As much as Reuben’s exemplifies TBCF, I am sure there is still a practical limitation. Would they ever throw a half-bag of German Pilsner malt in as a substitute for 5% of a recipe’s Belgian Pilsner malt (two almost-identical ingredients)? If they did it by accident, would they dump the batch? If so, I give up. I’m not worthy. But I’m going to assume that, on occasion, they do compromise. And actually, the narrative that some breweries refuse to compromise product is really an approximation: These breweries do compromise, but they  do so on rare occasion with minimal impact.

Our objective is to put the beer first in as many instances as we possibly can. We try to foster an environment that encourages it. We have more tank capacity and brewing capacity than we need, so if a batch needs to sit longer than planned or get dumped, there’s not a rippling effect throughout our business. Like Reuben’s, we don’t have a house malt or a house yeast and we have few contracted hops, so we have maximum flexibility on choice of ingredients.
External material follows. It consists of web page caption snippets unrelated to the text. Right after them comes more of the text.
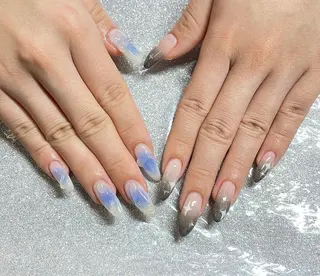 ネイル VIERU 🌈🎀💖のネイルデザイン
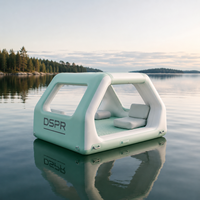 Catamaran gonflable commercial avec île-bar flottante pour la location en milieu de plage ou de parc aquatique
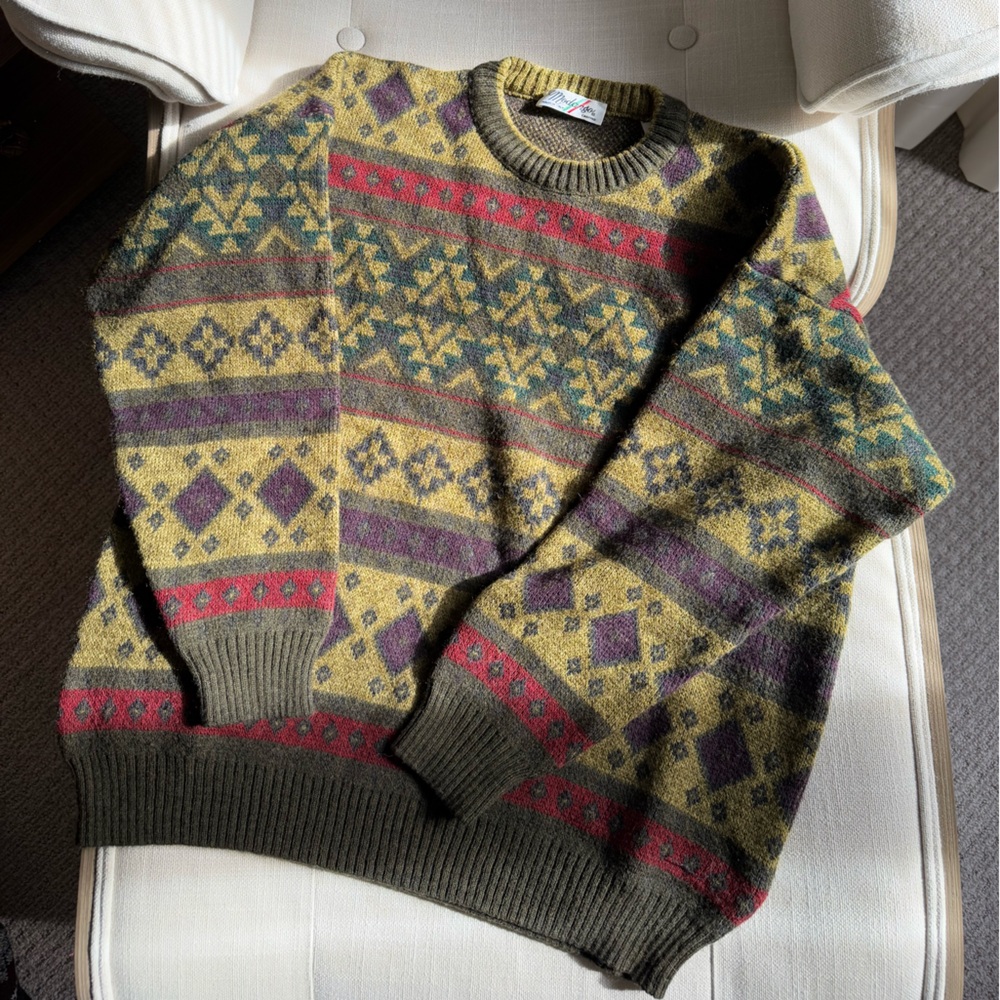 Vintage 90s style wool sweater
Our overhead is low: we don’t have a bank note, loaned or leased equipment, we’re in a small space, and we have 1 full-time employee; thus, keeping the lights on is not the driving factor in very many decisions. We strive to maintain a lean, flexible operation with a strong balance sheet, and this affords us the ability to put the beer first with very little compromise.

And when we must compromise, we must not take it lightly. If we have those 2016 hops, and they were stored properly, we’re going to use them, because it is unlikely to impact the beer, and any such impact would be very minor. But we don’t do it without careful consideration: How can we mitigate this – perhaps we can add a slightly larger quantity to compensate for potentially reduced aroma? Perhaps we could use these earlier in the boil and bring in newer hops to dry hop? Then, how can we prevent this from happening again? How can we ensure that this year’s crop gets used this year? And finally, let’s remind ourselves that compromises such as this must be the exception rather than the norm. Maybe we should even give ourselves a few lashings to make the point (and a good Instagram post).

The phrase “craft beer” has become loaded: it often starts arguments about, “Is [insert beer here] really craft?”. The meaning is often debated, although the most official definition is stewarded by the Brewers Association. Like most brewers and beer enthusiasts, I have my own definition of craft beer: A craft brewery is one whose objective is to maximize the quality of its product². There’s nothing wrong with the objective of maximizing profit, which many businesses (and, by definition, all public corporations) have, but a brewery with this objective cannot simultaneously have the objective of maximizing the quality of its product. Craft brewers, on the other hand, strive to put the beer first as often as possible³.

TBCF is not above compromise, but I firmly believe that the frequency and nature of such compromises is precisely what defines us as craftsmen. Now, if you’ll excuse me, I’ve got to get back to almost always putting the beer first.

¹There’s an excellent interview with Rueben’s by Good Beer Hunting from December 2017 here.

²This is not exclusive to the stuff inside the can. In my opinion, the product includes the entire experience, including the story, the art, etc.

³I’m not saying that profit is irrelevant or unimportant. It’s necessary for survival. But it need not be the objective, just as the objective of living is not to maximize oxygen intake.